SynapseML
SynapseML copied to clipboard
VowpalWabbit - Train with Synapse on databricks and inference via native VW CLI
Hi,
I am training my VW CB model using synapseml on databricks.
Code is same as in: https://microsoft.github.io/SynapseML/docs/features/vw/Vowpal%20Wabbit%20-%20Overview/#vw-contextual-bandit
the model and featurizers/zipper pipeline are saved once training is complete.
now I want to do the inference using the native VW CLI. This is because the inference environment does not support spark.
can someone please shed light on how this can be done?
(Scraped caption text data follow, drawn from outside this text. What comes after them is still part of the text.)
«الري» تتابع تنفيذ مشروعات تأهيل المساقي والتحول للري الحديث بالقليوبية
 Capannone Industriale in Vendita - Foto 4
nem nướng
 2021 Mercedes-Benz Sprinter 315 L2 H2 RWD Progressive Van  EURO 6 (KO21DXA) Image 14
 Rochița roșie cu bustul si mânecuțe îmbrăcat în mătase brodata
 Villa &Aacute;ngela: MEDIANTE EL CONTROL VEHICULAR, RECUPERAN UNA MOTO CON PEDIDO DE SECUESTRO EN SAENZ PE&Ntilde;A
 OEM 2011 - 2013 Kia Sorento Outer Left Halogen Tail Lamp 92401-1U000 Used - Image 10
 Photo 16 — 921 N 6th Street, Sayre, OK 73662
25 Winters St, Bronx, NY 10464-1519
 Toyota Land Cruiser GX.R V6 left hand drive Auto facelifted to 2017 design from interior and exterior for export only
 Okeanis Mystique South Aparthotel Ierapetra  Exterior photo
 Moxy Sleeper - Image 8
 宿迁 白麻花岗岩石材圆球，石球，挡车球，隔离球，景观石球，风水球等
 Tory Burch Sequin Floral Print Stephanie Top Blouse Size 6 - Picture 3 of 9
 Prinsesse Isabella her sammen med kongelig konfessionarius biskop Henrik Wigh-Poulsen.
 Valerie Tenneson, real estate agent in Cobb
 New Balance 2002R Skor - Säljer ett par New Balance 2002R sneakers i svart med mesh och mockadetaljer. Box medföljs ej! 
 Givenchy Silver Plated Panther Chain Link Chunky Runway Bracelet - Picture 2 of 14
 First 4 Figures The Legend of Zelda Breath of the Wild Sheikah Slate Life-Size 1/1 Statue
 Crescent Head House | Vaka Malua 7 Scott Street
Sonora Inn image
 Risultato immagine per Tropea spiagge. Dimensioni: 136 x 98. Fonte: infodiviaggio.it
Adding @jackgerrits and @eisber for visibility here
you should be able to get the binary model saved: https://github.com/microsoft/SynapseML/blob/master/vw/src/main/scala/com/microsoft/azure/synapse/ml/vw/VowpalWabbitBaseModel.scala#L111
the tricky piece is to get the featurization right. did you use the VW featurizer or MLSpark featurize?
I used the VW featurizer as detailed here: https://microsoft.github.io/SynapseML/docs/features/vw/Vowpal%20Wabbit%20-%20Overview/#vw-contextual-bandit
I am able to save the binary model but issue lies with the featurizer (as was mentioned above as well).
The input for the featurizer is the follow table (except the target column) Data types are either int or float, thus the NumericFeaturizer is used.
VW Featurizer outputColumn is used as namespace, column names are feature names, values are used as feature values. Thus, for the example you reference this should result in
|features age:63 sex:1 cp:3 tresetbps:233 ...
| age | sex | cp | trestbps | chol | fbs | restecg | thalach | exang | oldpeak | slope | ca | thal | target |
|---|---|---|---|---|---|---|---|---|---|---|---|---|---|
| 63 | 1 | 3 | 145 | 233 | 1 | 0 | 150 | 0 | 2.3 | 0 | 0 | 1 | 1 |
| 37 | 1 | 2 | 130 | 250 | 0 | 1 | 187 | 0 | 3.5 | 0 | 0 | 2 | 1 |
| 41 | 0 | 1 | 130 | 204 | 0 | 0 | 172 | 0 | 1.4 | 2 | 0 | 2 | 1 |
| 56 | 1 | 1 | 120 | 236 | 0 | 1 | 178 | 0 | 0.8 | 2 | 0 | 2 | 1 |
| 57 | 0 | 0 | 120 | 354 | 0 | 1 | 163 | 1 | 0.6 | 2 | 0 | 2 | 1 |
From an ML perspective this featurization isn't ideal for VW, especially for low cardinality categorical I'd suggest to stringify them to get individual weights.
Assuming you change the data type of cp to string
|features age:63 sex:1 cp3:1 tresetbps:233 ...
|features age:37 sex:1 cp2:1 tresetbps:250 ...
If you want to make use of VWs interaction feature, you'll have to produce multiple feature vectors using different targetCols.
I understand. But how should I port a model trained on databricks using synapseml (python) with featurizers and zippers to VW CLI. Please refer below for further explanation:
I am training my VW Contextual Bandits model using synapseml on databricks.
Code is same as in: https://microsoft.github.io/SynapseML/docs/features/vw/Vowpal%20Wabbit%20-%20Overview/#vw-contextual-bandit
the model and featurizers/zipper pipeline are saved once training is complete.
now I want to do the inference using the native VW CLI. This is because the inference environment does not support spark.
can someone please shed light on how this can be done?
I'm not sure I follow how you plan to flow your data to VW cli - it only accepts text and json as input.
As of today the VW Spark featurizers don't support a serialization format outside of the spark eco-system.